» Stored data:
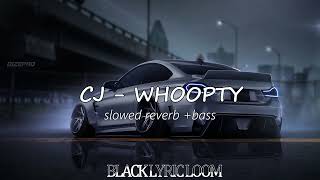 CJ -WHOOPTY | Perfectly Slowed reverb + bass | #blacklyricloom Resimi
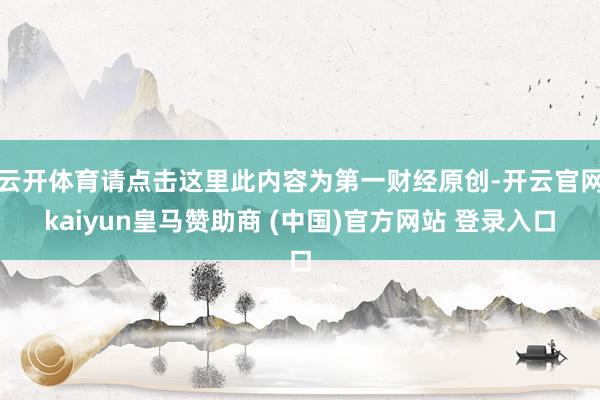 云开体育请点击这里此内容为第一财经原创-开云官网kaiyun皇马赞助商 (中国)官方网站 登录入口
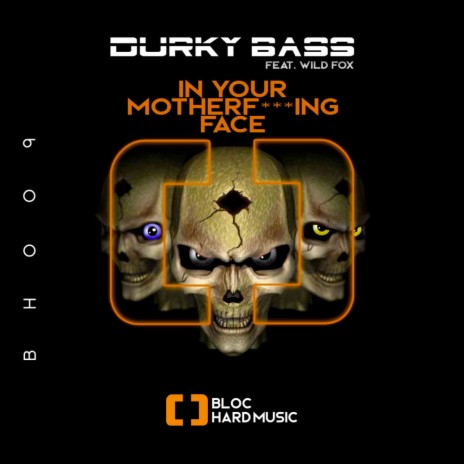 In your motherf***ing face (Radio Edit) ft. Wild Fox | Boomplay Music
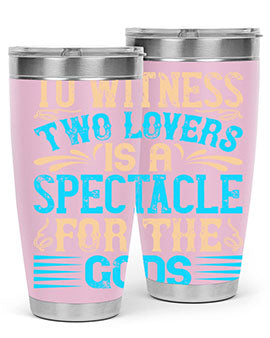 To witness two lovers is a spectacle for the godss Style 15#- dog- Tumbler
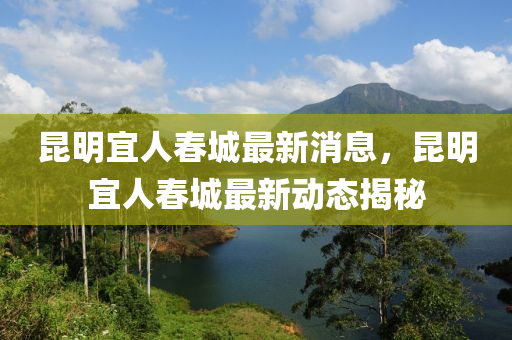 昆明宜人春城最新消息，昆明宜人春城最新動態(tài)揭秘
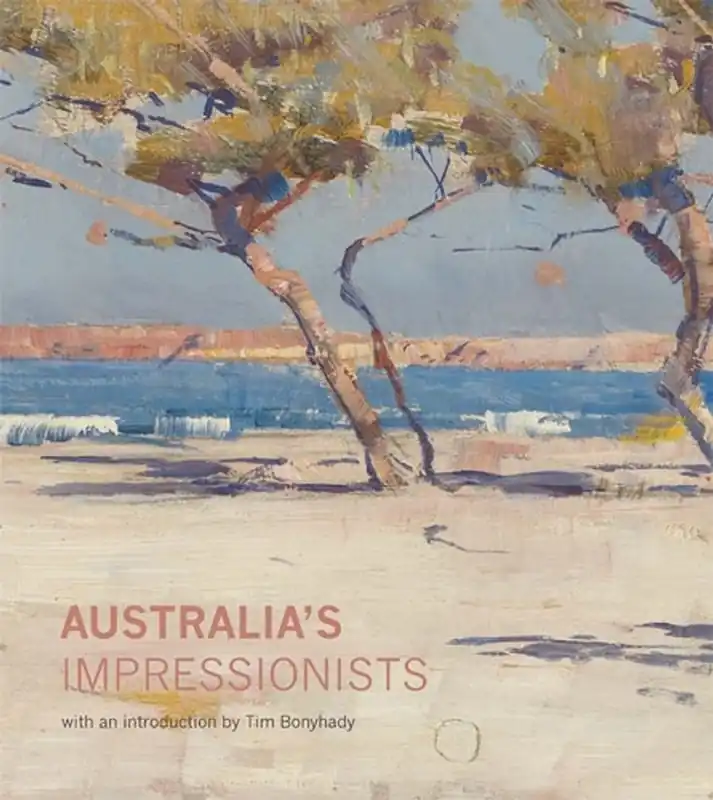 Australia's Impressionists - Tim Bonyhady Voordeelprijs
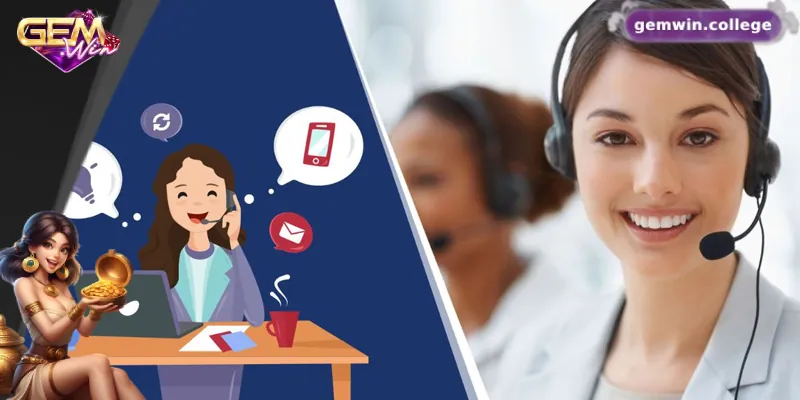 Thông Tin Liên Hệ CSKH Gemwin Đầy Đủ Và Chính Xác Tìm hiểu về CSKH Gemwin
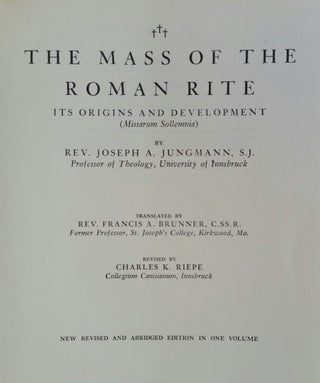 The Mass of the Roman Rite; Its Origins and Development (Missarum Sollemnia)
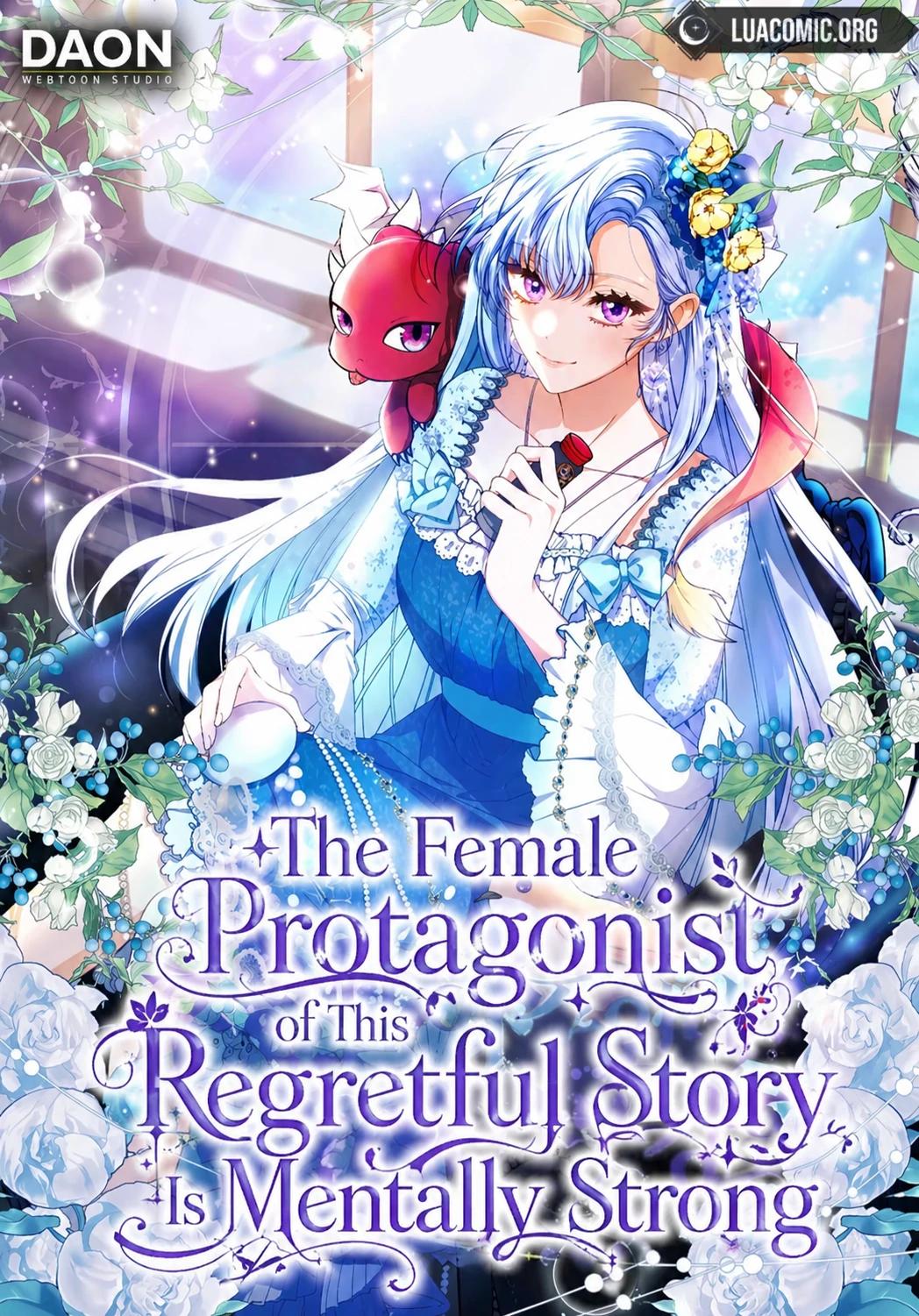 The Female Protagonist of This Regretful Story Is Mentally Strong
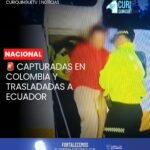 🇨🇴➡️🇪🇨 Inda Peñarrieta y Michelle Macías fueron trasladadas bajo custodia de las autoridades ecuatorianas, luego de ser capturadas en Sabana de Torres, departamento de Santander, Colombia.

» ASSIGNMENT:
I'd like the records above given again exactly, please, without the pictures.

» ANSWER SPACE:
 CJ -WHOOPTY | Perfectly Slowed reverb + bass | #blacklyricloom Resimi
 云开体育请点击这里此内容为第一财经原创-开云官网kaiyun皇马赞助商 (中国)官方网站 登录入口
 In your motherf***ing face (Radio Edit) ft. Wild Fox | Boomplay Music
 To witness two lovers is a spectacle for the godss Style 15#- dog- Tumbler
 昆明宜人春城最新消息，昆明宜人春城最新動態(tài)揭秘
 Australia's Impressionists - Tim Bonyhady Voordeelprijs
 Thông Tin Liên Hệ CSKH Gemwin Đầy Đủ Và Chính Xác Tìm hiểu về CSKH Gemwin
 The Mass of the Roman Rite; Its Origins and Development (Missarum Sollemnia)
 The Female Protagonist of This Regretful Story Is Mentally Strong
 🇨🇴➡️🇪🇨 Inda Peñarrieta y Michelle Macías fueron trasladadas bajo custodia de las autoridades ecuatorianas, luego de ser capturadas en Sabana de Torres, departamento de Santander, Colombia.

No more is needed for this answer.